The sixth chapter, titled ‘Collecting history online’, is mainly about the ways to use the web to collect information for your historical research and why you should be encouraged to do that. We all turn to social media when something happens in the world. A great example given by Cohen and Rosenzweig is 9/11 when blogs where flooded with comments and newspages were continuously updated. These are a rich source of information on the impact of the event on individual people and on the unfolding of the incident and it’s aftermath. However, as articles get updated and rewritten, the previous version gets lost and blogs also disappear when the owner stops his project. Therefore these websites should be stored in a digital archive.
It gets far more interesting when the authors encourage historians to collect information through individual contributions on the web and give tips how to get the best results. I really agree with their opinion that people should participate in discussions about history. History should not be something that’s only told by professionals. Everyone must be invited to participate and tell their stories and discuss how they think about the way history is being told. The past gets more interesting when it becomes a more personal matter. The contributions have multiple uses. Firstly it gives people a place to tell their story, to make sure it is passed on. Historians can use this to create new insights about historical events. Secondly, when you yourself take part in an activity instead of passively seeing it, you become more engaged. This generally leads to a better understanding of the past.

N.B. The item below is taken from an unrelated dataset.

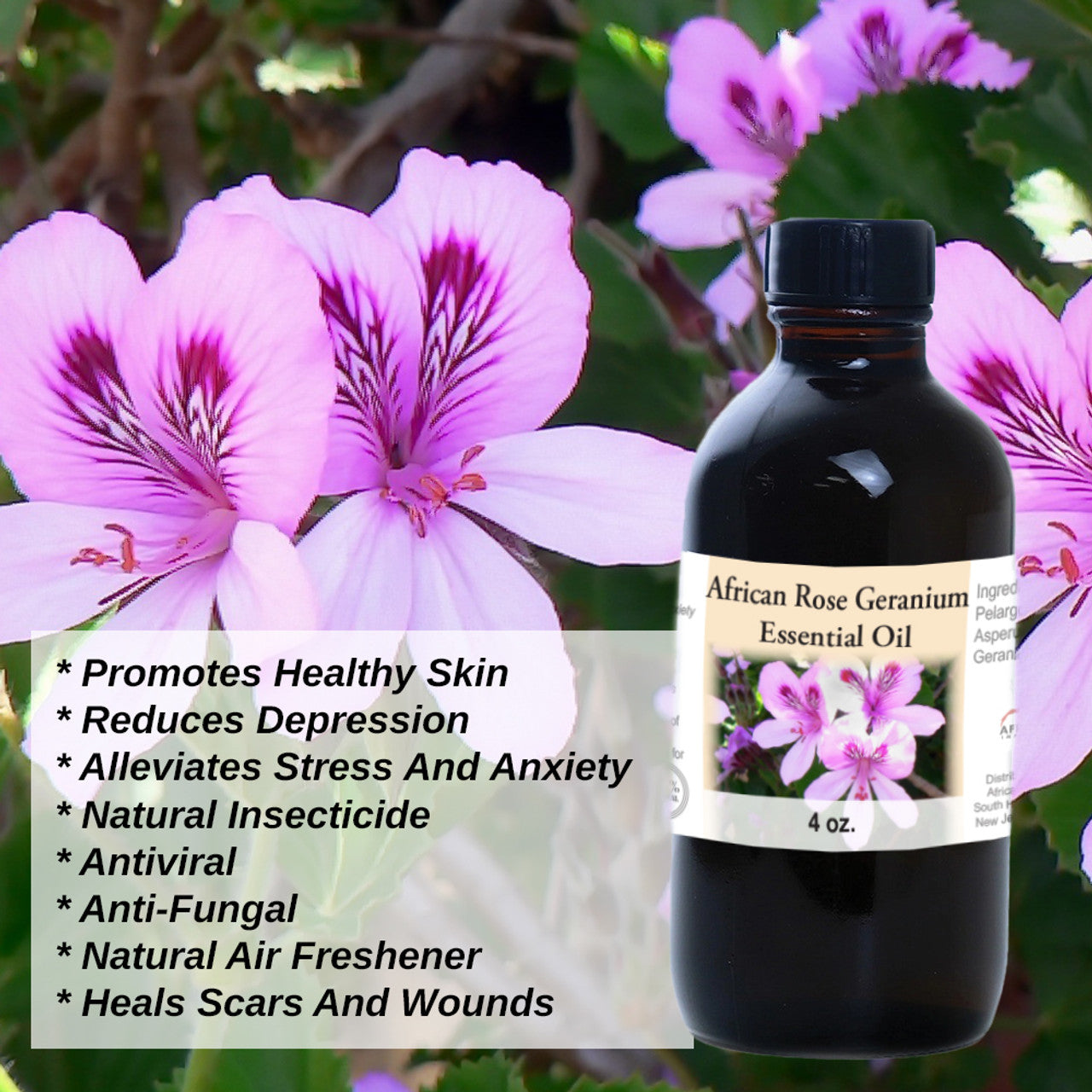 African Rose Geranium Essential Oil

In the United States, there are a lot of institutions and project which have a site where they encourage people to tell their story. The subjects vary from World War II to Yiddish language and Jewish culture. A Dutch website which collects personal history isn’t that easily found. The Anne Frank Museum is one of the few museums which offers a guestbook on their site where visitors can write about their experience of the museum. Other websites however from museums like the Rijksmuseum and the Amsterdam Museum lack such a feature. The reason behind this might be the fact that the Rijksmuseum displays a collection which covers a great period. As Cohen and Rosenzweig noted, a broad topic “fails to excite any discernable cohort”.

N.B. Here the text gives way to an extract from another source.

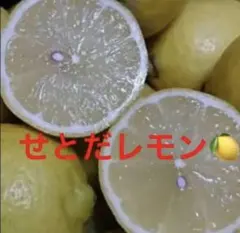 瀬戸田レモン　訳ありのサムネイル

After searching for a bit I did find a site, from the Florence Nightingale Institute, where they ask about your experience. It’s written in quite small letters at several places on the homepage. However, before you can upload your contribution, you have to make an account and you have to log in. This is one of the points Cohen and Rosenzweig mention when they talk about things which you should not do when you want to encourage contribution. It makes it more difficult and less attractive for people to upload their story. An open forum, where you can freely post without the necessity to make an account, is more suitable. The option to stay anonymous is also recommended since not everyone likes it when their names show up on the internet.
Digital history is a recommendation to historians who would like to know more about the applications of the web for their projects. A lot of things they mention might be quite obvious for history students. Dating from 2006, the newest inventions on the web and the options available through applications on smartphones are not mentioned. Thus it might be a good idea to write a new updated version of the chapter. But even though the chapter, and perhaps the whole book, is a bit dated, it might still be a valuable starting point for historians who want to know more about Digital History and its uses.